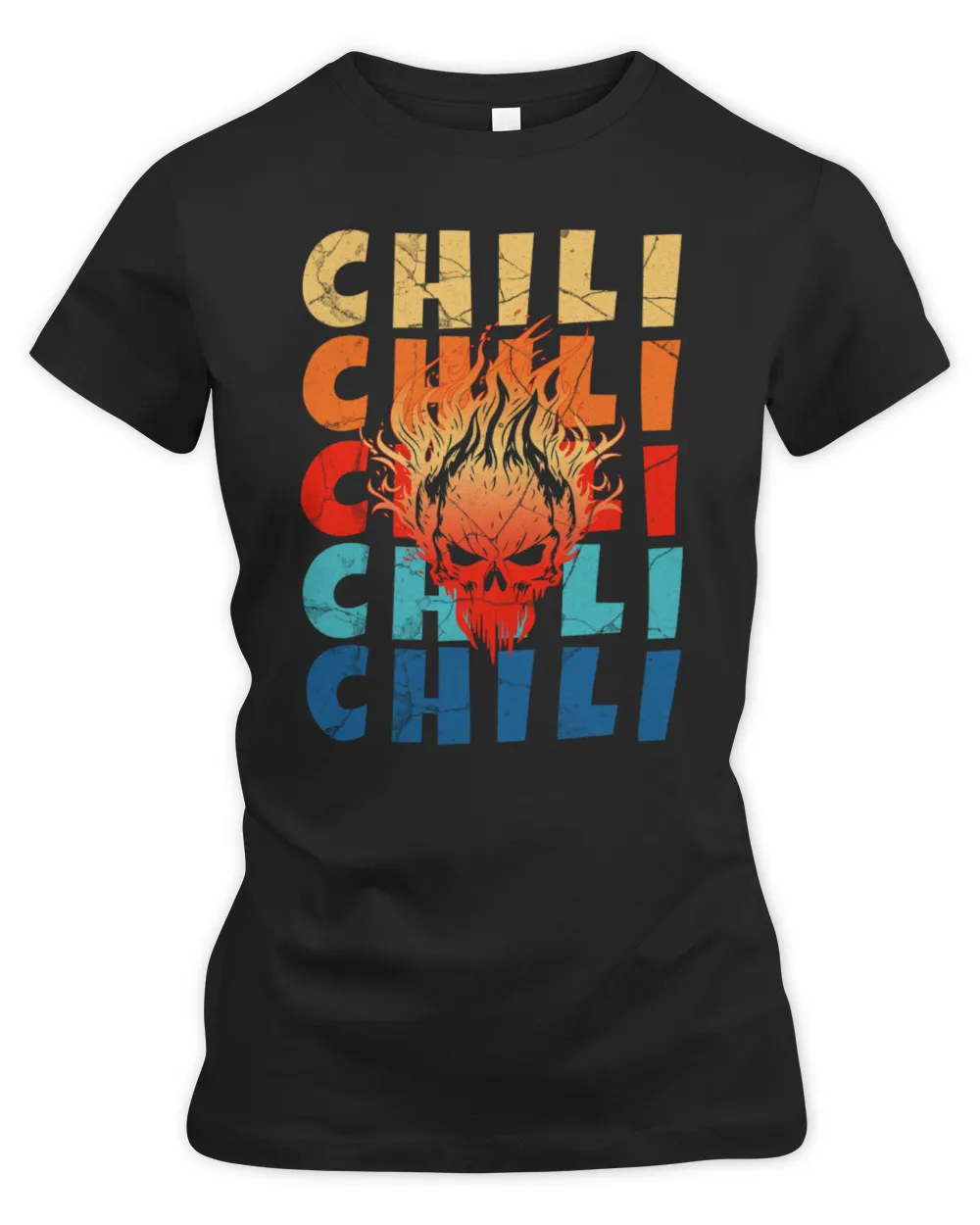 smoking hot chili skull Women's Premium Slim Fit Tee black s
==
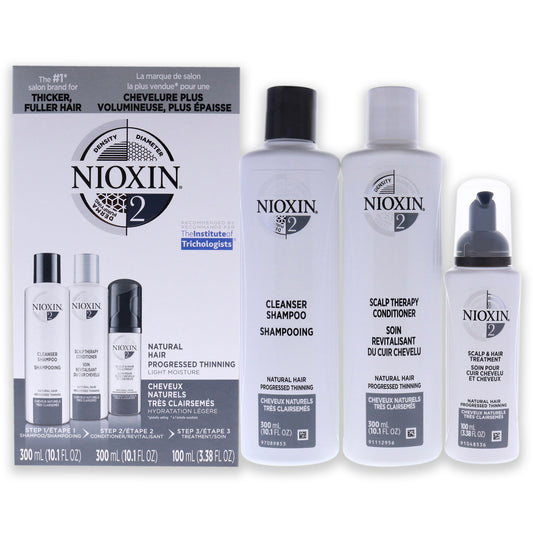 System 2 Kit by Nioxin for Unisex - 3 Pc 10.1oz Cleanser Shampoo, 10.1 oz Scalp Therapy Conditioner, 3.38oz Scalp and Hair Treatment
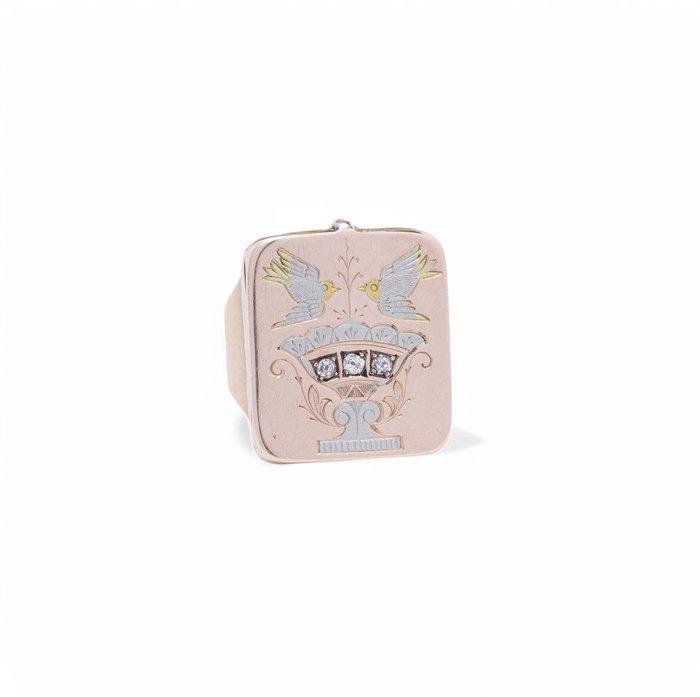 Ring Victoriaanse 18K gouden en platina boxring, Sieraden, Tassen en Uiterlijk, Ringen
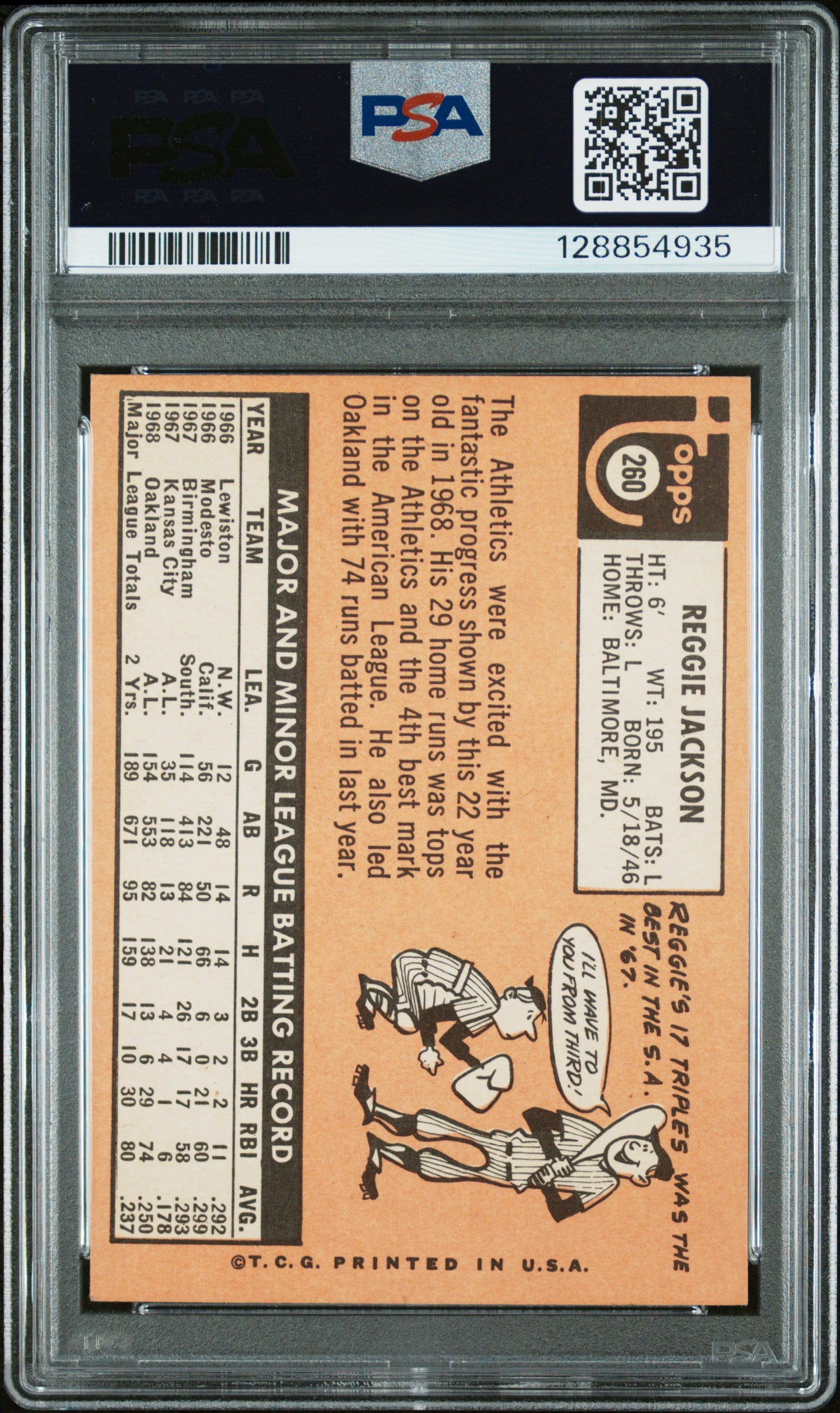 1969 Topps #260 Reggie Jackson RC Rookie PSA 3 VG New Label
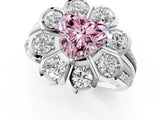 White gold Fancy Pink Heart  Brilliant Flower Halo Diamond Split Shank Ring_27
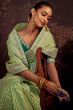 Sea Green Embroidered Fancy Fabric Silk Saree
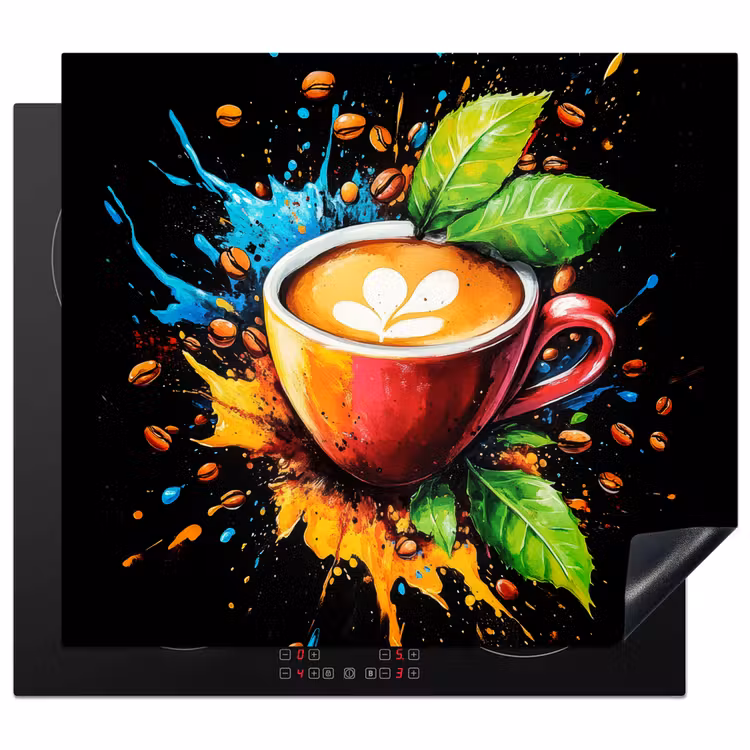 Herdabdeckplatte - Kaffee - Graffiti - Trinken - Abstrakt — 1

### What to work on
Within the listing above, the lines from the one with "System 2 Kit" through the one with "Herdabdeckplatte - Kaffee" are to be given again word for word. Do not include pictures.

### Answer for the task
 System 2 Kit by Nioxin for Unisex - 3 Pc 10.1oz Cleanser Shampoo, 10.1 oz Scalp Therapy Conditioner, 3.38oz Scalp and Hair Treatment
 Ring Victoriaanse 18K gouden en platina boxring, Sieraden, Tassen en Uiterlijk, Ringen
 1969 Topps #260 Reggie Jackson RC Rookie PSA 3 VG New Label
 White gold Fancy Pink Heart  Brilliant Flower Halo Diamond Split Shank Ring_27
 Sea Green Embroidered Fancy Fabric Silk Saree
 Herdabdeckplatte - Kaffee - Graffiti - Trinken - Abstrakt — 1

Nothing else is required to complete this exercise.